A false positive is a request that a real user legitimately made, blocked or flagged because it happened to match a security check. Every web application firewall produces them, and in F5 AWAF - Advanced WAF (formerly BIG-IP ASM - Application Security Manager) they are the single biggest source of operational friction: the most common WAF deployment failure is going straight to blocking mode, where every false positive breaks a workflow, generates a helpdesk ticket, and erodes confidence in the WAF before it has proven its worth. Handling them well is less about turning things off than about triaging correctly and tuning with scope.
The violation rating is your triage signal
Advanced WAF assigns each transaction a violation rating from 1 to 5, based on the combination of violations in that transaction and their impact, not on any single violation in isolation, because real attacks tend to stack several violations at once. That rating tells you how to treat a suspected false positive, and F5 builds the blocking behavior around it.
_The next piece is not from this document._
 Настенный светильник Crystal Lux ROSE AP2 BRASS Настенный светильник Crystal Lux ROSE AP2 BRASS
Ratings of 4 or 5 are most likely real attacks, and the system blocks them even when every detected violation has its Block flag off. For these you should clear the learning suggestion without changing the policy: relaxing to accommodate a rating-5 request would be relaxing to accommodate an attack. Ratings of 1, 2, and 3 are not blocked by default, precisely to reduce false positives. A rating of 3 sits on the fence and needs to be reviewed in the event log before you decide. Ratings of 1 and 2 are the ones that are usually genuine false positives, and if you confirm the request is legitimate you can accept the learning suggestion or apply a scoped fix. A small set of the most severe violations are unlearnable and always rated 5, so there is never anything to accept for those.
Staging changes what "blocked" means
Before you tune anything, check whether the offending check is actually enforcing. A signature in staging logs its matches but does not block, and a policy in Transparent mode blocks nothing at all. In both cases what looks like a false positive is a learning signal rather than a broken user experience, which is exactly the point of staging: new or problematic signatures belong in staging for one to two weeks of production traffic so you can find their false positives before they can block anyone. The disciplined pipeline moves a signature Staging to Alarm to Blocking as confidence grows, which is also how you avoid a wave of false positives when you switch a policy from Transparent to Blocking.
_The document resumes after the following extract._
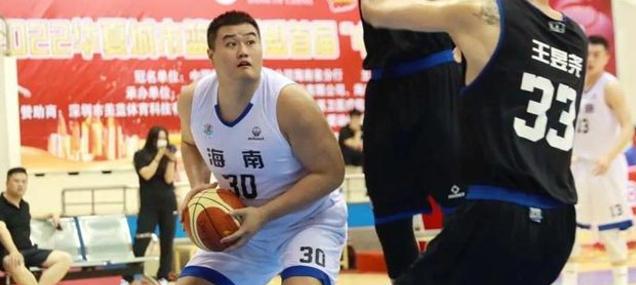 山东男篮|又一位潜力球员离开CBA！年仅21岁，身高2米12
Tune with scope, never policy-wide
Once you have confirmed a genuine false positive, the correct fix depends on the violation, and all of the good options share one property: they are scoped to the specific URL or parameter, not the whole policy. Disabling a signature or a violation policy-wide trades one false positive for a blind spot on every other URL, which is how a tuning session quietly becomes a security regression.
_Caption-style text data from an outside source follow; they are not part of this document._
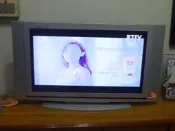 KOLIN歌林、KLT-321、士林區液晶電視到府維修修理、油畫、負片白化變白徧白顏色色彩不對色塊反白殘影徧紅徧黑
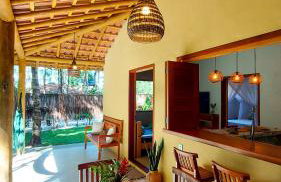 Vila dos Macacos Trancoso - Foto 13
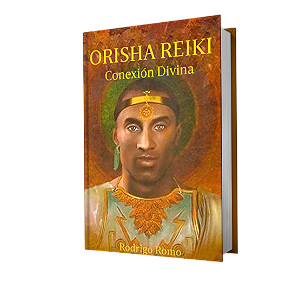 Livro Orisha Reiki en español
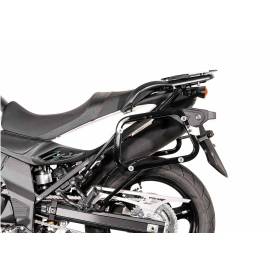 Kit valises Suzuki DL650 V-Strom 2011- TRAX ADV NOIR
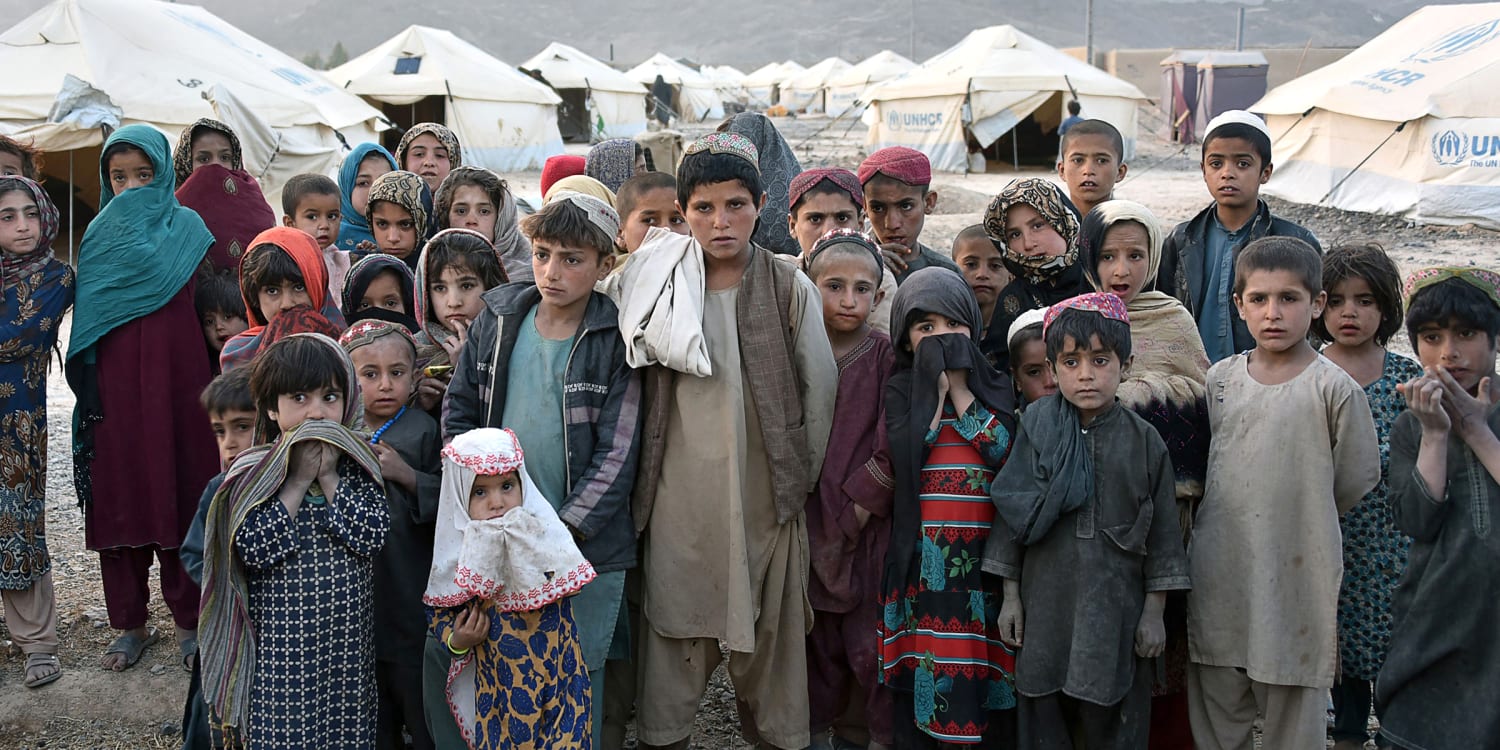 How to help Afghan refugees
For an attack signature that misfires, disable that signature on just that URL or parameter, or add the URL or parameter as an allowed entity so the check is bypassed only there, or enable Potential False Positive Detection and let the system decide by traffic similarity, treating requests like the majority as benign and flagging the outliers that real attacks produce. For an illegal meta character, add the character to the allowed set of that parameter, value, or URL. For an illegal parameter, URL, or file type, add the entity to the allowed list. For a length violation, raise the specific limit to fit legitimate traffic. Uploaded files routinely trip signatures, and the clean fix is to declare the upload parameter with value type user-input and data type file upload so its binary content is not scanned as text. Signatures firing inside XML or JSON payloads are best handled by attaching the matching content profile so the structure is parsed and the checks apply appropriately. Cookie violations deserve a second look, because a modified cookie is usually real tampering rather than a false positive.
The one rule to keep
Every technique above is bounded by a single discipline that F5 states plainly: relax the policy only where a false positive actually occurred, and never where a real attack caused the violation. The violation rating exists to help you tell those two cases apart, and the scoped fixes exist so that correcting one does not weaken the other. The triage tool on this site puts F5's rating logic and the scoped remediation for each violation category in one place, so a false positive becomes a decision you can make deliberately rather than by reflexively clicking accept.